نوع المستند : مقالات علمیة محکمة
المؤلف
كلية التربية النوعيه ج المنصورة
المستخلص
1- Introduction:
Music separation and classification is a critical task in signal processing, particularly in the field of music. In general, singing sound separation systems have applications in a variety of domains, including automatic word recognition and alignment, identification of the singer, retrieval of information about music, karaoke, identifying musical genre, extraction of melody, sound signal categorization, and so on [1].
Currently, genre hierarchies, which are typically built manually by human specialists, are one way used to arrange music information on the Web [2]. This method, which may be automated via automatic musical genre categorization, is an important component of a comprehensive music information retrieval system for audio data. There is also a framework for developing and analysing musical content features [3]. The bulk of audio analysis algorithms for music that have been proposed employ feature extraction for similarity retrieval, classification, segmentation, and audio thumbnailing. As we can see, our research is the first step in identifying and evaluating various types of Arabic music, as well as isolating the Arabic singing voice from the background music. The following is the paper's outline. Section 3 proposes a system. Section 4 is about the automatic classification and evaluation of the proposed features, and Section 5 is about the conclusions and future work.
RELATED WORK
One of the most common task for getting Musical Information Retrieval (MIR) is analysis process of musical jins. There were many works in this process, but it was limited to Western music thus works in Arabic music consider non-existent . This section presented some studies related to separating singing voice from music background as a first step in the analysis process, then determining music genres as a second step.
In [4 ] The bowing movements are utilized to create additional limitations on audio dictionary activation entries using non-negative matrix factorization (NMF). However, this method is only tested on randomly produced video sequences of string instruments where each player's different bowing actions are clearly captured.
In [5] Similar work has been proposed in which audio and visual correspondences are learned unsupervised to aid source separation. This research topic produces positive results separation of audiovisual music for musical instrument performances, but not separation of vocal voices.
In [6] The author articulates a generic formalism for source model adaptation in a Bayesian model framework. The suggested approach is then tested on the challenge of differentiating between voice and music in popular songs. According to the data, an adaptation technique can greatly improve separation performance on a continual basis
In [7] After focusing on the fluctuation of a singing voice, A technique for improving the singing voice in monaural music signals is based on "two-stage harmonic/percussive sound separation on various resolution spectrograms. This technique relies heavily on the pitch estimation parameter, and the pitch estimulation parameter is critical to its effectiveness.

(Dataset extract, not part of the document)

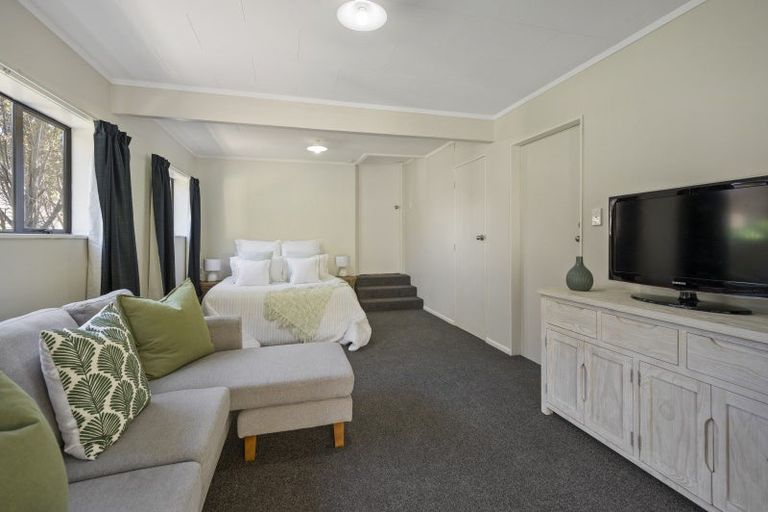 Photo of property in 28 Warwick Crescent, Taradale, Napier, 4112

In [8] The author suggested an unique unsupervised technique for singing voice separation that uses rank-1 constraint to improve RPCA. The mixter and DSD100 datasets were employed in the experiment, and the findings demonstrated that CRPCA outperforms regular RPCA and WRPCA, especially when time frequency masking is used.
In [9] Huang et al. began with the notion that music accompaniments are unimportant and difficult to change, whereas singers are more versatile but scarce in the auditory mix. Based on these assumptions, it is advised that the Robust Principal Component Analysis (RPCA) technique, for solving low-rank and sparse matrices, be utilized.
In [10] the work was used to identify three types of folk music: German, Irish, and Austrian. To investigate statistical differences across the various folk, the dataset was evaluated and compared using several Hidden Markov Models (HMM) architectures. The categorization performance is now averaging 77%.
In [11] Support Vector Machines (SVM) as a statistical ML approach performed better in MGC than HMM .
In [12] They chose frequency-domain properties and low-level traits using a genetic approach. For comparative comparison, different classification approaches such as Nave Bayes (NB), K-nearest neighbor (KNN), and SVM are applied.
In [13] The researchers used samples from the GTZAN dataset to distinguish between ten genres. With, we were able to get an ideal classification accuracy of 80.1 %.
Many different classifiers and feature extraction algorithms are utilised for automatic MGC. Gaussian mixture model (GMM) [14], radial basis function (RBF) [15], AdaBoost [16], and semi-supervised method [17] are the classifiers.
The PROPOSED SYSTEM
This study discusses an arabic music analysis system that employs artificial intelligence techniques and plays an essential role in retrieving music information (MIR). There are two primary steps in our analytical system: extracting the melody by isolating the singing voice from the music background Then there's melodic analysis to determine the genres that make it up.
The suggested CRPCA as a first portion of our analysis system is discussed in this section. Despite the fact that RPCA has been effectively used to the problem of separation of singing voices, in order to lower the nuclear norm, it overlooks the changing SVD characteristic values and computing complexity [18]. To address these two problems, CRPCA, a partial sum minimization of singular value based on rank-1 constraint, is applied. The purpose of RPCA is to maximize the partial sum of singular values by applying a prior rank-1 restriction fully [19]. Due to the rank-1 limitation, In many songs, background music has a greater range of richness than the singer vocal . Figure 1 depicts the processes of the CRPCA separation technique.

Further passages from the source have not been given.